The change has drawn criticism from some local candidates.
Wyman said it’s difficult to justify mailing voter pamphlets at a time when deputy sheriffs and deputy clerks are being laid off. Her office had to slash $411,000 out of its $5.3 million general operating budget.
She said there were conversations about eliminating the printed pamphlet, but it was deemed a priority to preserve it. Wyman said some Washington counties have eliminated the pamphlet or made the information available online only.
Wyman said her office will decide later this year whether the change to the pamphlet will continue in 2010.
The savings to the county will change between the primary and the general election this year.
The cost of producing and mailing the pamphlet is shared by the county, cities, school boards and other public agencies that place issues and candidates on the ballot based on a formula related to the number of registered voters in each of the districts.
The county plans to produce 20,000 copies for both the primary and general elections. In the past, the county has produced 140,000 copies to mail to every household for countywide elections and overseas and military voters and to make available at various locations, said Steve Homan, county elections manager. Production will be done in-house instead of by a vendor because of a new system through the Secretary of State’s Office that makes it easier to produce the voter pamphlet, Wyman said.
The county spent $8,288 on its share of the cost to produce the voter pamphlet during the general election of 2007, which featured a countywide vote on a sales and use tax, Chief Deputy Auditor Ken Raske said. The total cost of producing that pamphlet was more than $40,000. The cost will be less during the upcoming general election, which includes a countywide vote for one commissioner seat, but the amount of the savings isn’t known yet.
In August, the county spent $13,502 on it share to produce the pamphlet for the primary election, Raske said. The cost was higher than in the general election because there was more offices up for election, two commissioner seats and two Superior Court judgeships, and fewer public agencies to share the cost. He estimated that the county will spend in the hundreds of dollars this time around because of reduced printing and mailing, although an exact amount wasn’t known.
He noted that other public agencies that also are dealing with budget issues will benefit from the cost savings.
Some candidates and the president of the League of Women Voters of Thurston County said they fear some voters won’t get election information as easily.

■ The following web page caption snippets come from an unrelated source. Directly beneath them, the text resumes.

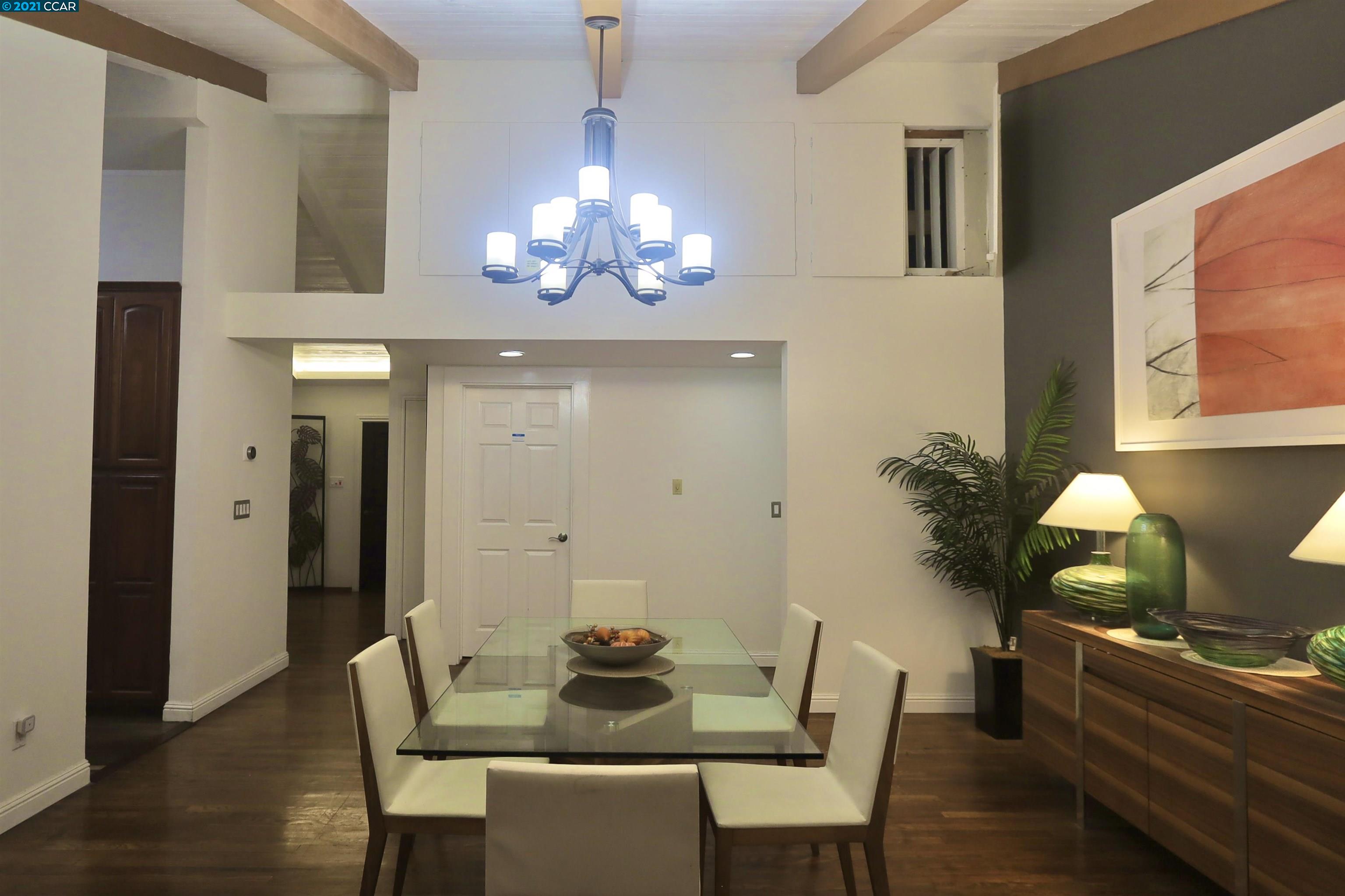 Photo of 550 Golf Club Rd in Pleasant Hill, CA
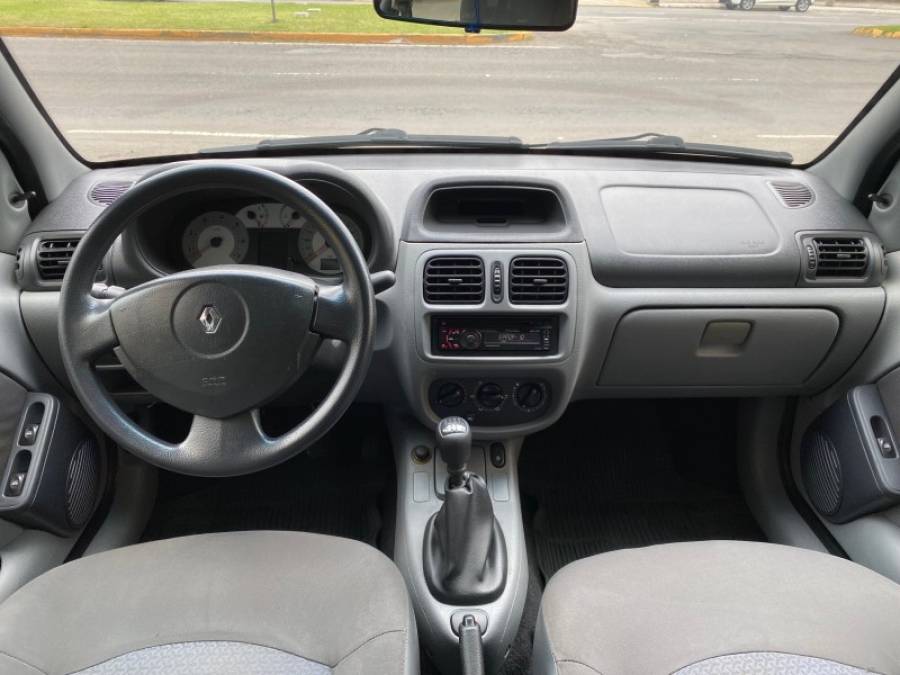 RENAULT - CLIO - 2008/2008 - Preta - R$ 24.900,00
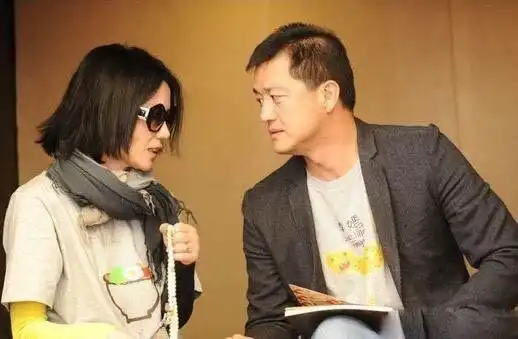 王菲的老公,盘点王菲结过的两次婚与感情史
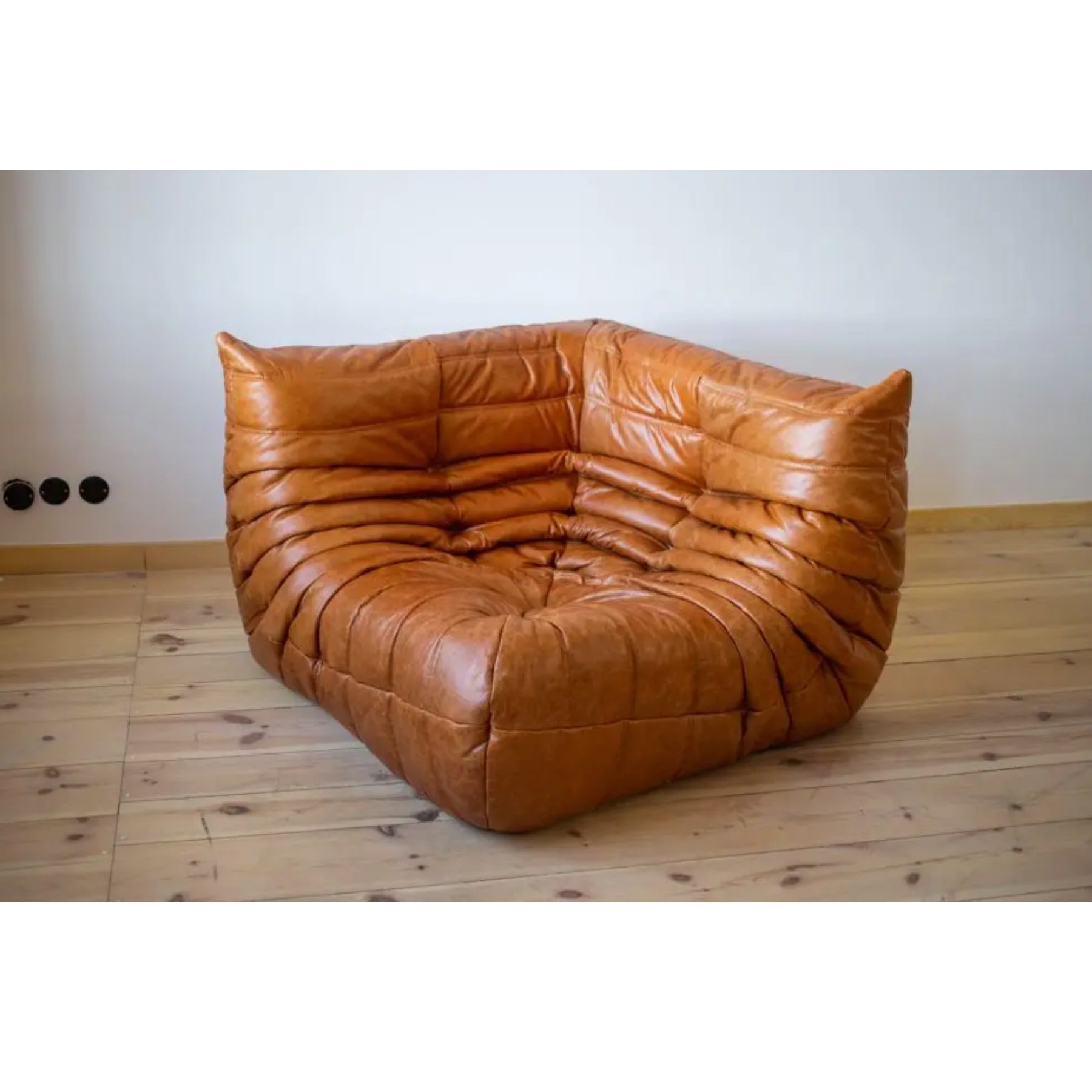 TR50048 Togo Style Sofa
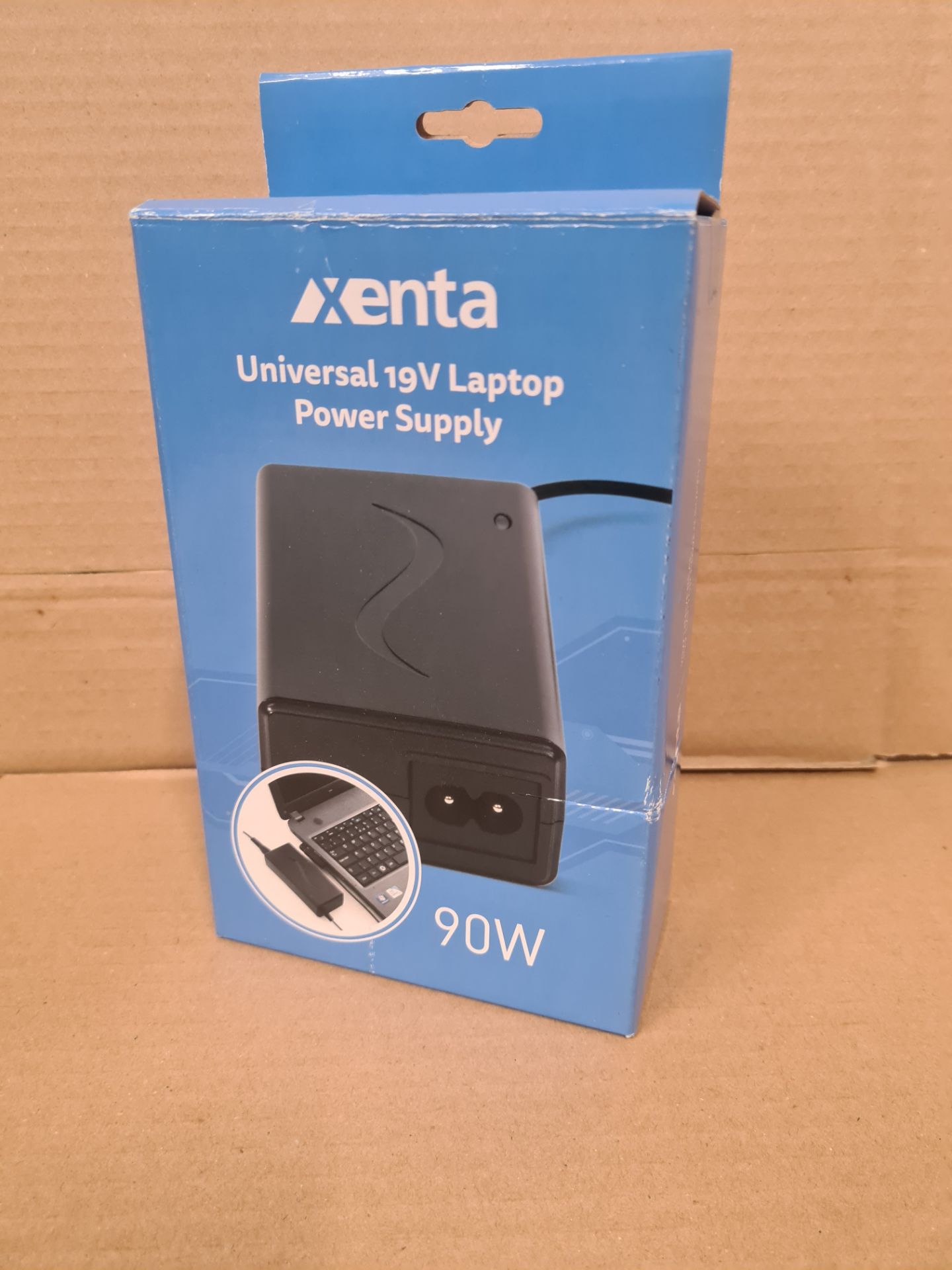 40 X BRAND NEW 90 WATT UNIVERSAL LAPTOP CHARGERS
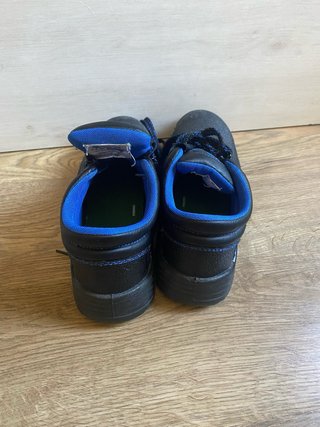 Botas de trabajo negras y azules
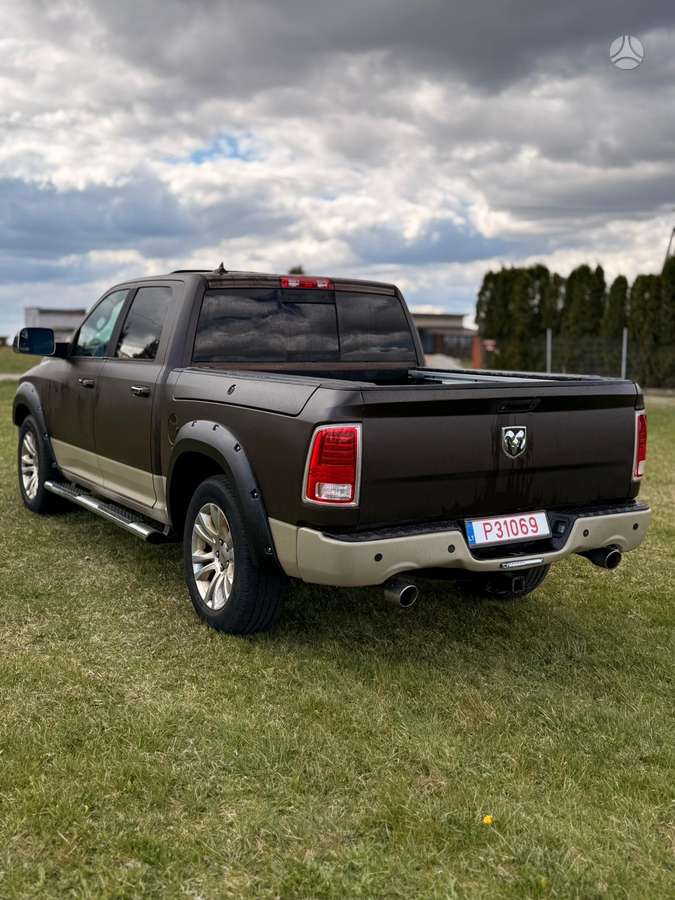 Dodge Ram, 5.7 l., off-road / crossover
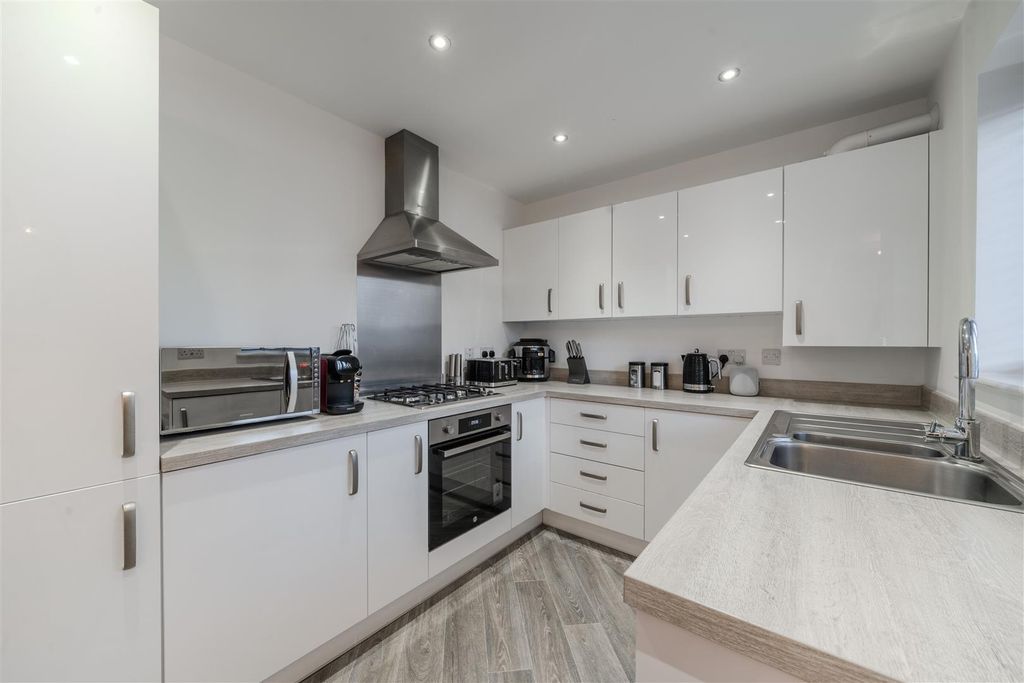 Property photo 3 of 28 Kitchen-Diner-2.Jpg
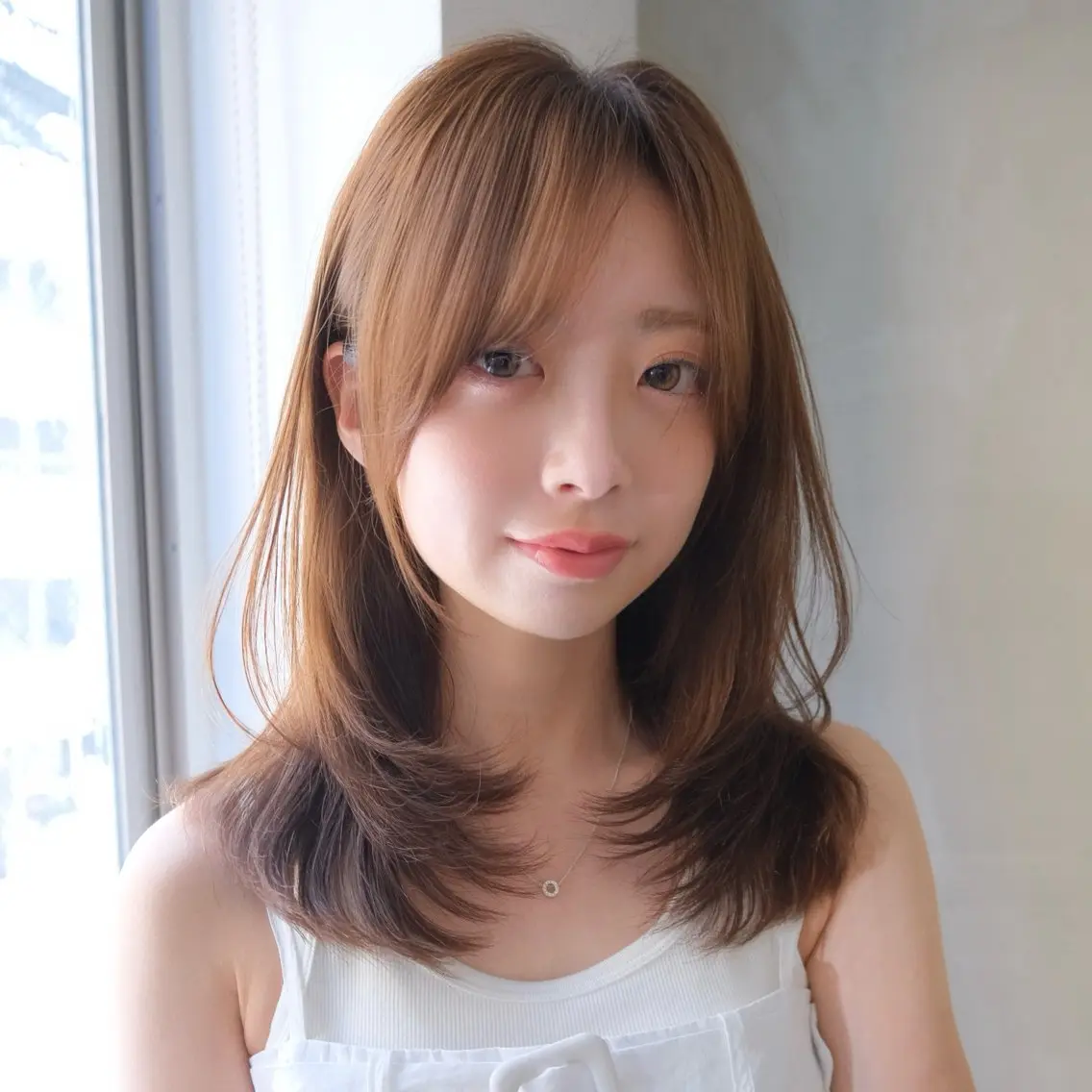 ミディアム カット ショウタ/レイヤーカ ット/透明感カラーのヘアスタイル
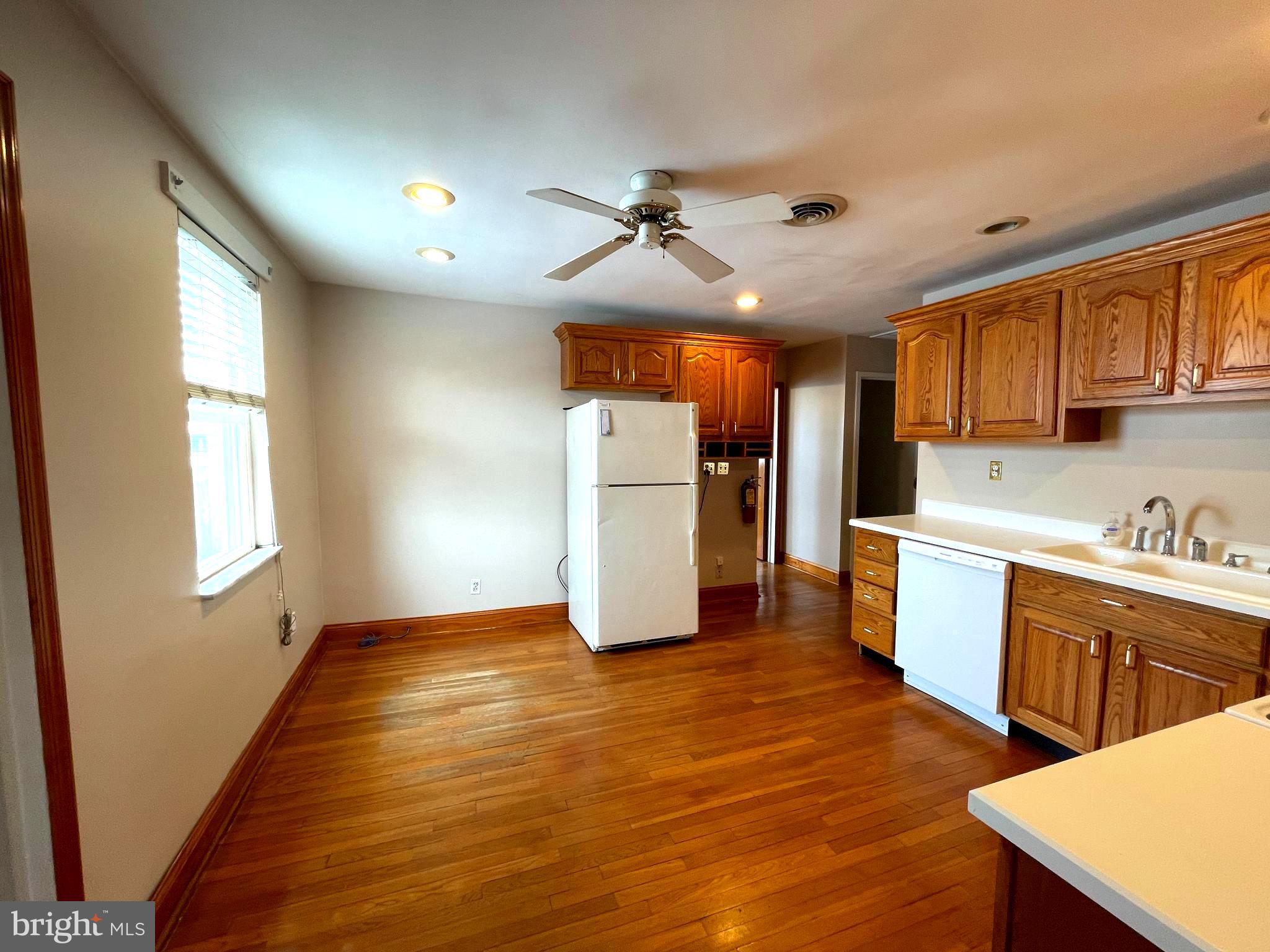 FOLCROFT - Residential Lease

Lacey City Councilman Virgil Clarkson, who is running for a third four-year term, said the lack of immediate availability of the printed voter pamphlet might quell the interest of young people in elections and might make it more difficult for seniors, especially those who are less mobile and computer-literate, to get the election information they need.
He said the change probably will hurt a candidate’s campaign because voters will have less knowledge about a candidate unless they seek it out for themselves.
“I think that if they can at least see the picture and see the name, they’ll have something to relate to once they open the ballot,” said Clarkson, who had a new campaign photo for the pamphlet shot Wednesday.
He said the change will make it difficult for a political newcomer who doesn’t have the name recognition and record of service of an established incumbent.
Janine Gates, a political newcomer running for the Olympia City Council seat held by Jeff Kingsbury, was vehement in her opposition to the change, calling it a “travesty to democracy.”
Gates, a caregiver for seniors, agreed with Clarkson that the elderly will be most affected by the change.
“You’re cutting out huge segments of the community by not having this very important voter pamphlet accessible to everyone,” she said.